444. Survey of Latin American Literature.
Indigenous oral traditions and texts from the period prior to the arrival of the Europeans are examined, as are works from the colonial period to the present. Authors studied from the colonial period include Bernal Díaz del Castillo, Bartolomé de las Casas and Sor Juana Inés de la Cruz. Contemporary authors include Borges, García Márquez, Allende and Rigoberta Menchú. Also offered through Caribbean and Latin American Studies.
445. Literary Translation: Theory and Practice.(occasionally taught)
In this workshop, students use translation as a tool to learn how to express themselves more effectively in both English and Spanish. Theorists such as Octavio Paz, José Ortega y Gasset, Willis Barnstone, Carol Maier, Walter Benjamin, Tejaswini Niranjana and others help illuminate the practice of translation in a variety of genres that include poetry, autobiography, book reviews and subtitling of films. For students with considerable background in Spanish, including, preferably, residence in a Spanish-speaking country. Also offered through Caribbean and Latin American Studies.

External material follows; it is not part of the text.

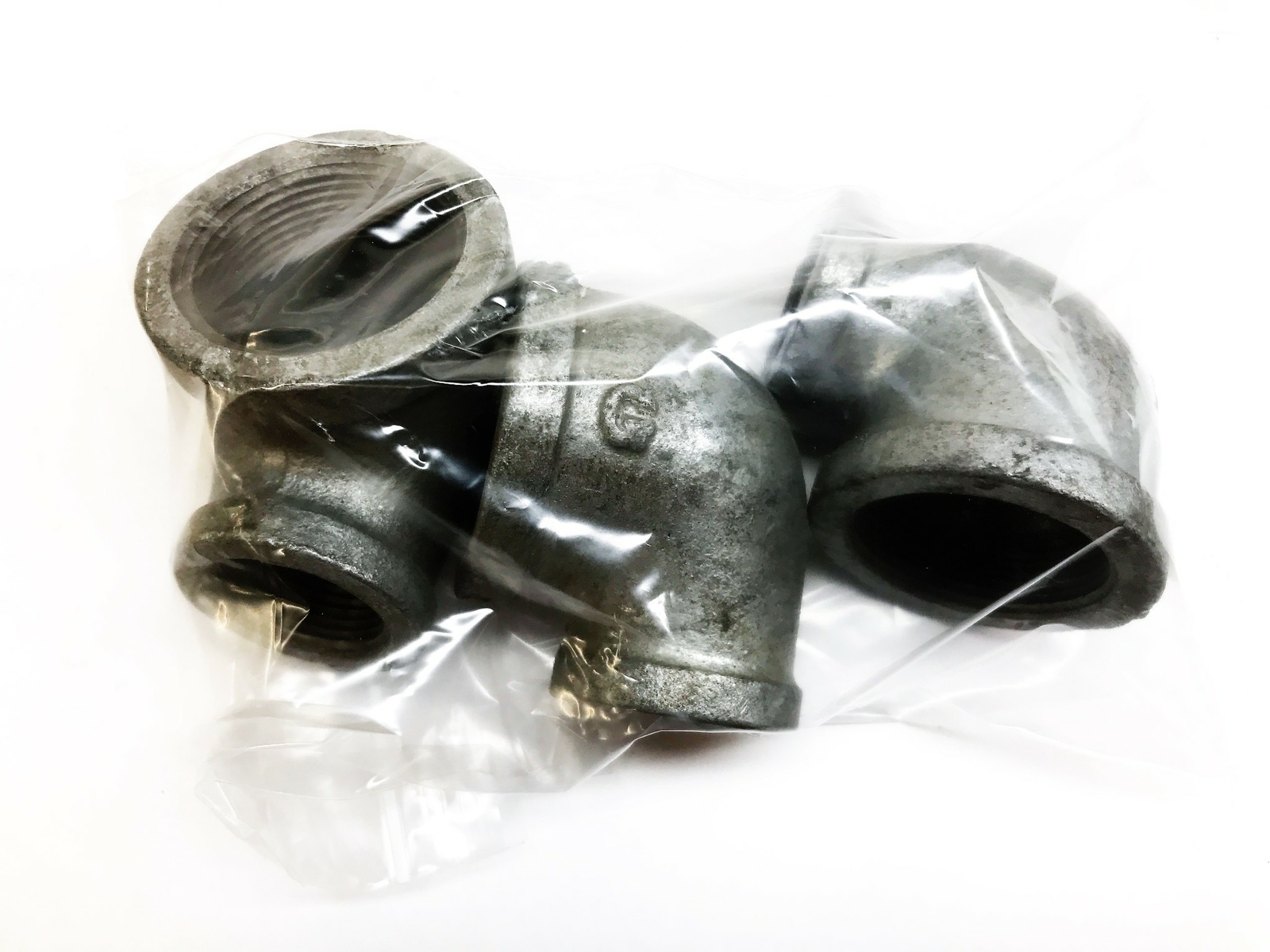 Unbranded 1-1/2″ Female x 1″ Female 90 Degree Reducing Elbow [Lot of 3] NOS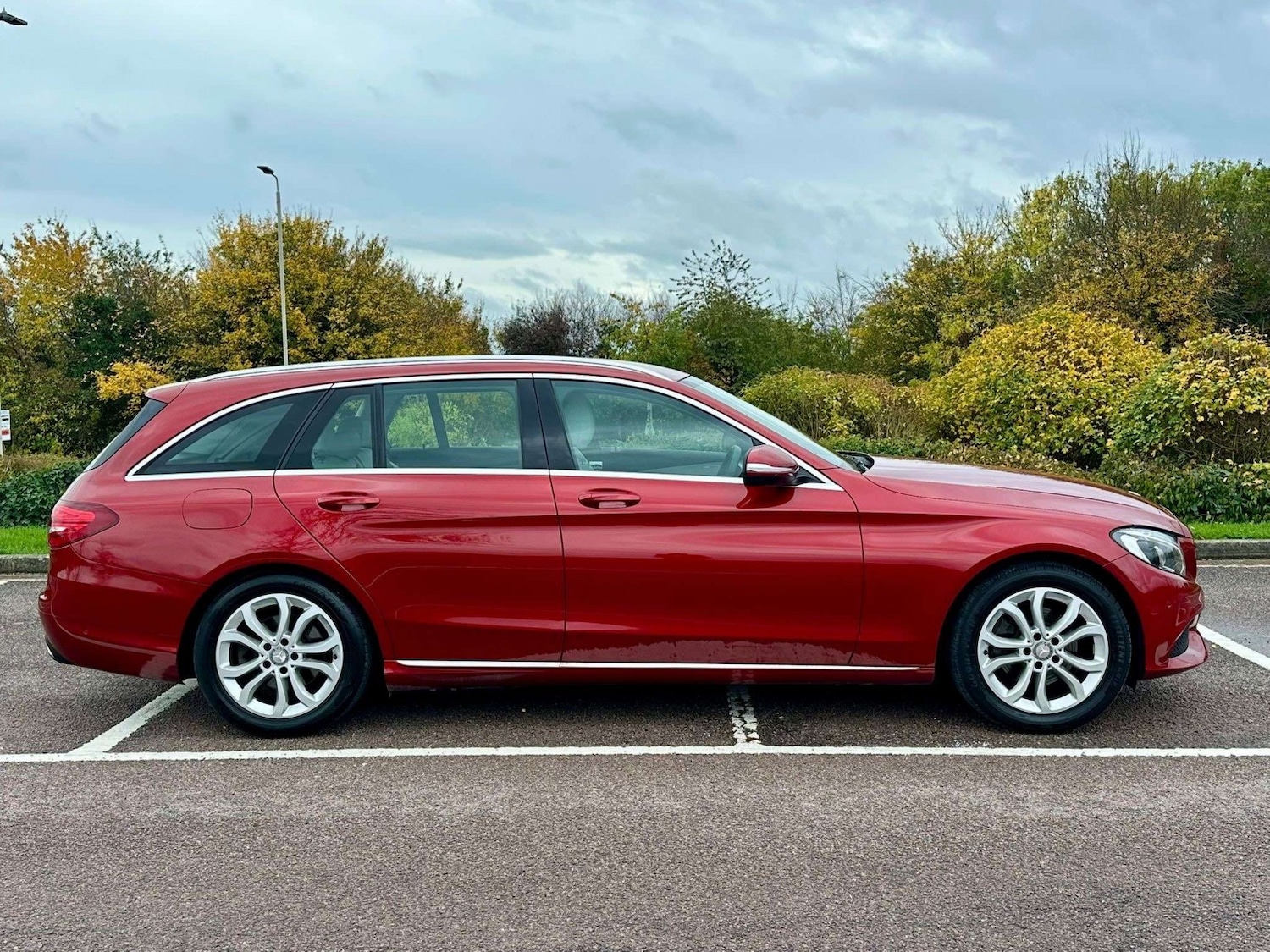 Used Mercedes-Benz C Class 2015 for sale - 76948661: Photo 5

446. Oral Expression in Spanish.
Analysis of contemporary oral usage through the study of film, video and audio materials as well as printed texts. Advanced pronunciation practice. Study of techniques of oral presentation. Assignments are designed to promote the development of persuasive skills and include formal debates on contemporary issues and other public speaking activities. Also offered through Caribbean and Latin American Studies.
447, 448. Special Topics.
Designed for students at any level above Spanish 211 and 213, these courses offer the opportunity to study specific topics in the Spanish language or Hispanic culture. Examples include Latinos in the United States; post-Franco Spanish society in film; Latin American women writers; Afrohispanic culture and literature; the representation of the Amerindian in contemporary Hispanic American literature; and the study of specific authors such as Pablo Neruda or Carmen Martìn Gaite. Also offered through Caribbean and Latin American Studies.

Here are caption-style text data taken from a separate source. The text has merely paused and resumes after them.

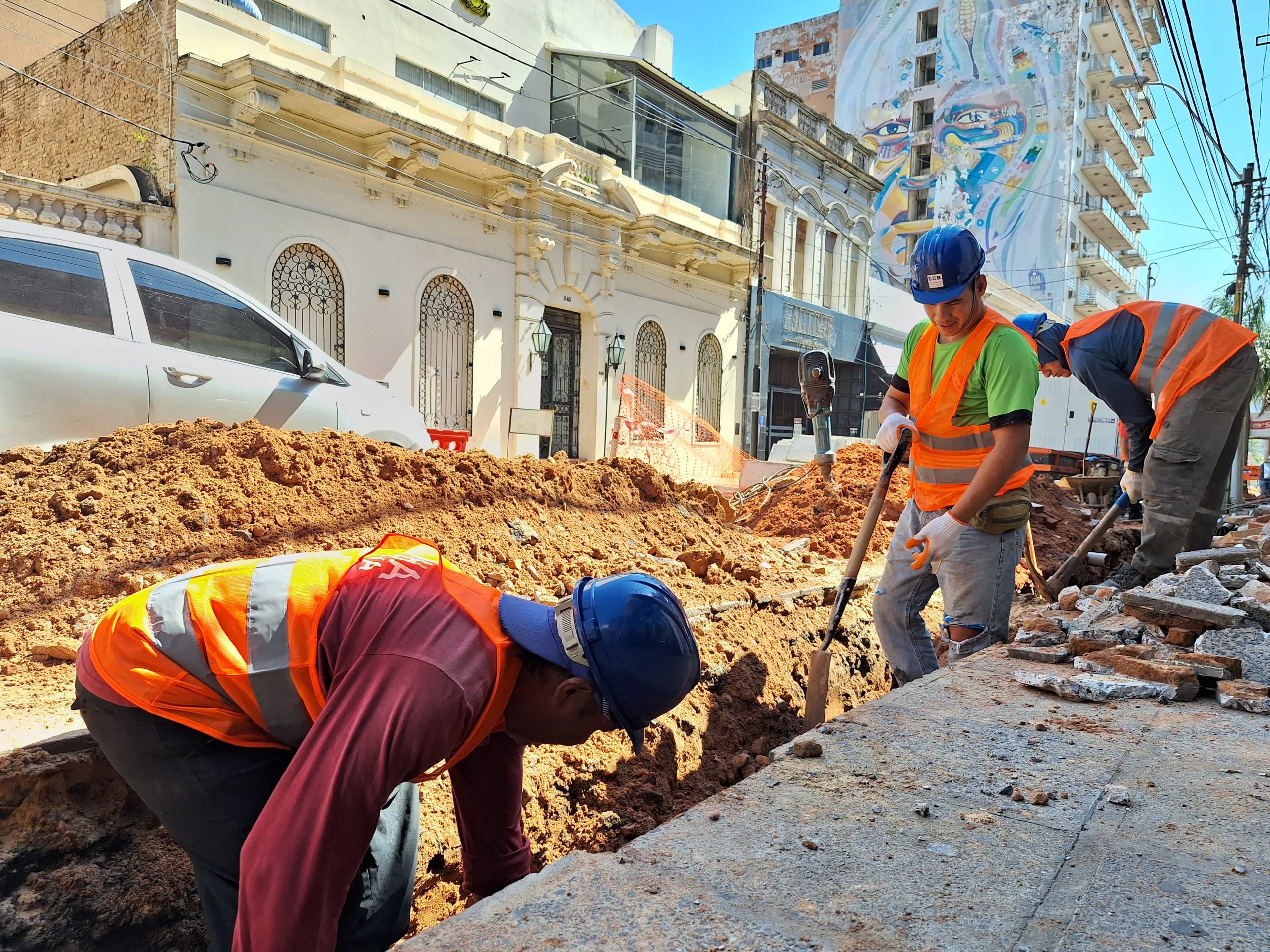 Trabajos de cableado subterráneo sobre la calle Palma. Foto: MOPC.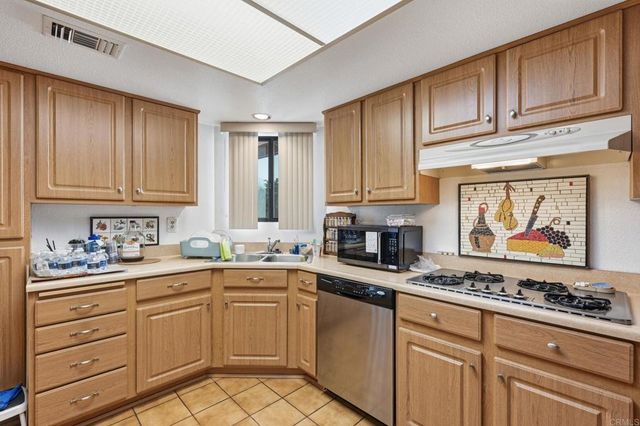 634 Via Santa Cruz, Vista, CA 92081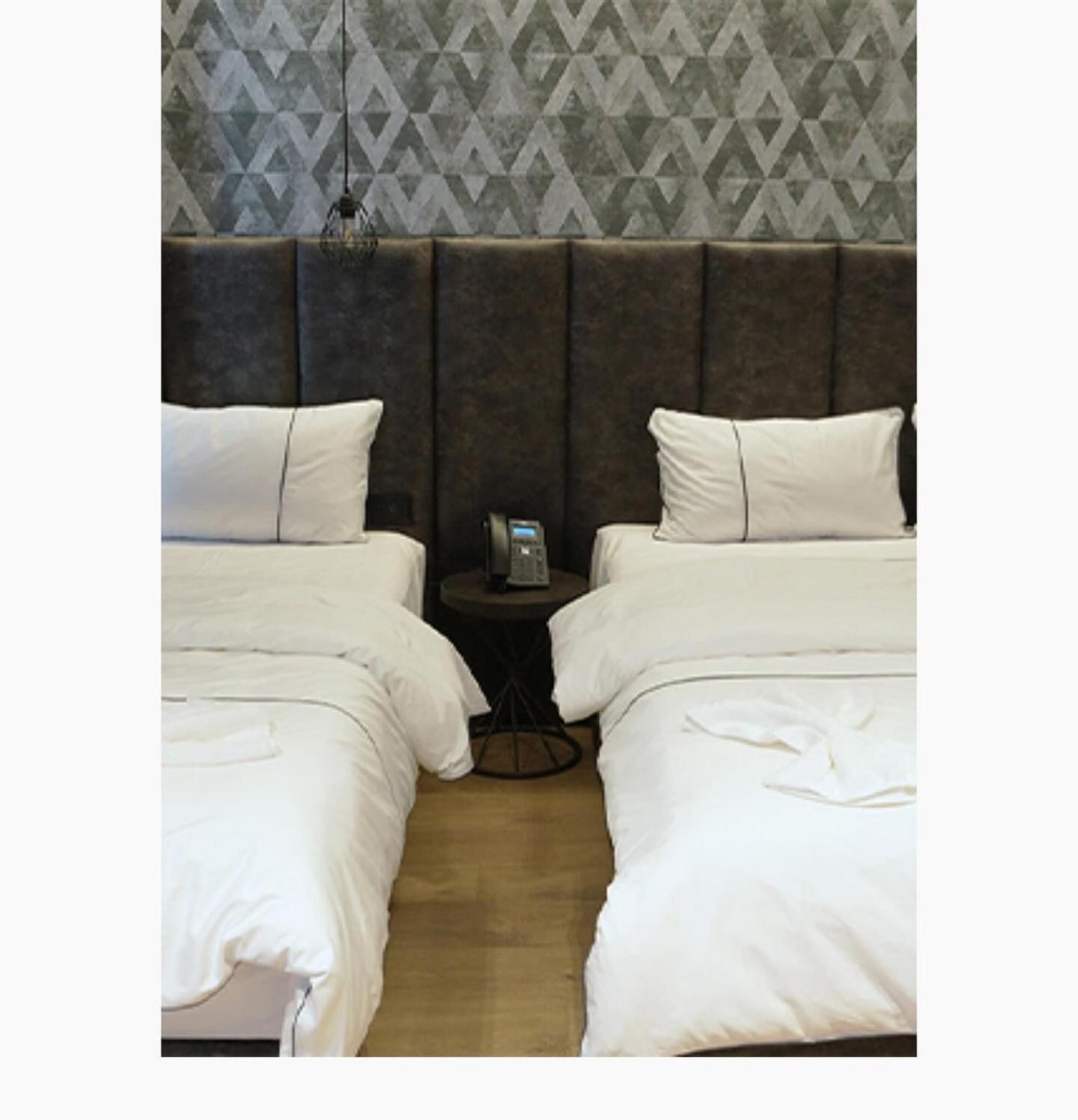 Starlight Hotel Тирана Экстерьер фото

449. Afro-Hispanic Culture and Literature: This course explores the African Legacy in the culture of the Hispanic Caribbean: Cuba, the Dominican Republic and Puerto Rico. While examining a variety of texts we will engage in conversation around topics that include slavery and resistance, cultural racism, class, identity construction and representation. The course also incorporates cuisine, music, dance, and other sources as the basis for work that may bring in creative, disciplinary or career interests. Crosslisted with Caribbean and Latin American Studies. Taught in Spanish, and permission of the instructor is required.
489, 490. SYE: Independent Study (check FAQs)

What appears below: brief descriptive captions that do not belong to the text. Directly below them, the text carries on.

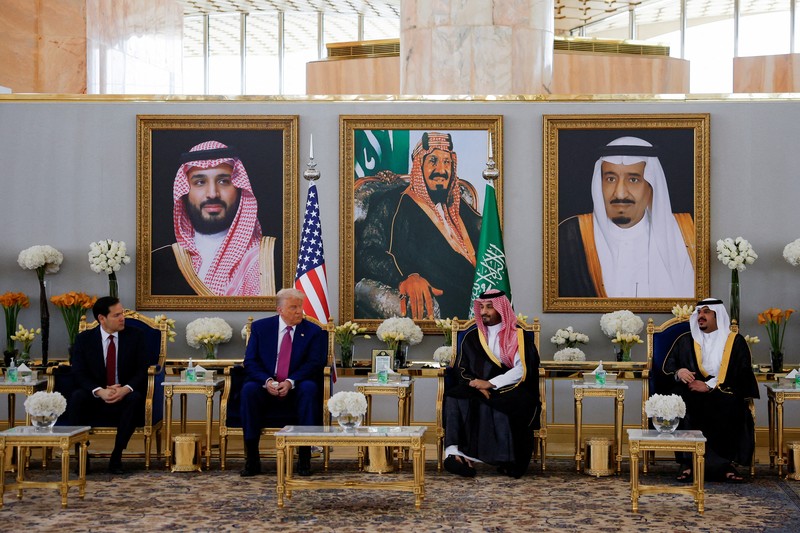 USA-TRUMP/GULF-SAUDI Jet tempur Saudi mengawal Air Force One yang membawa Presiden AS Donald Trump saat mendekati Bandara Internasional Raja Khalid di Riyadh, Arab Saudi, 13 Mei 2025. REUTERS/Brian Snyder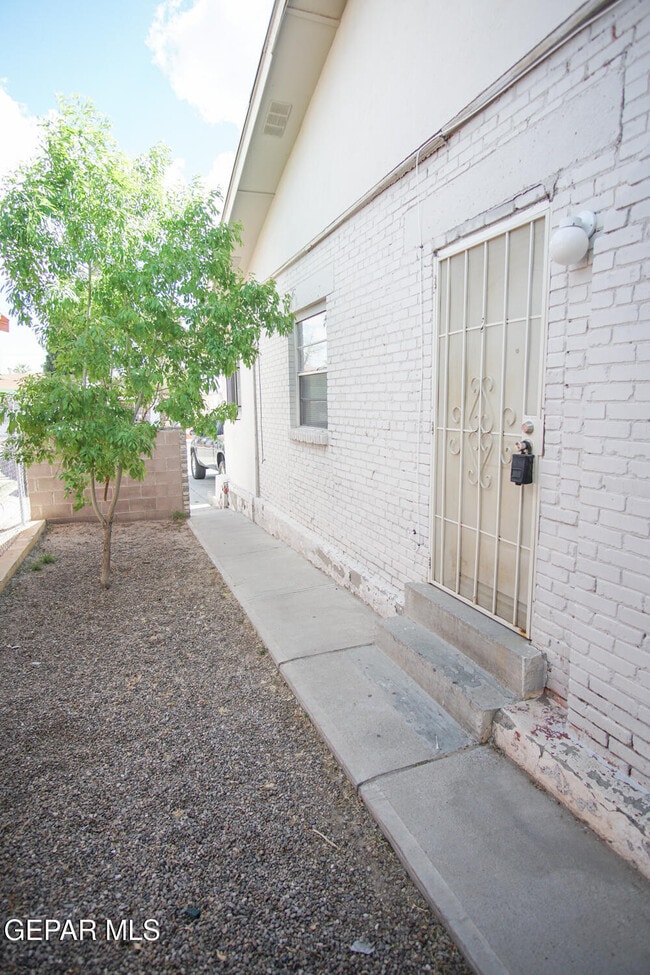 3403 Pershing Dr in El Paso, TX - Building Photo - Building Photo
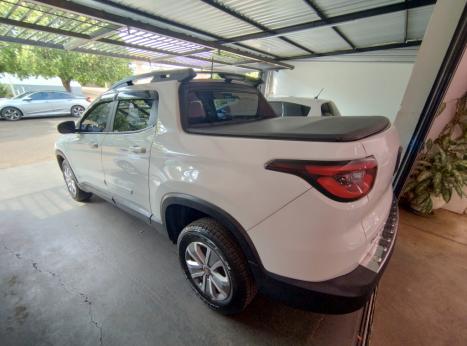 FIAT Toro 1.8 16V 4P FLEX FREEDOM ROAD AUTOMTICO, Foto 4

Also offered through Caribbean and Latin American Studies.
497, 498. SYE: Honors Project (check FAQs)
Working closely with a faculty member, the student develops a project related to Spanish-language literature or culture. Projects may include translations from Spanish to English and they may be interdisciplinary. Students are encouraged to use a variety of media in their projects and, if they participate in a St. Lawrence program in Costa Rica or Spain, to relate their projects to that experience. For additional information, see the description of Honors in the introductory section of the departmental curriculum.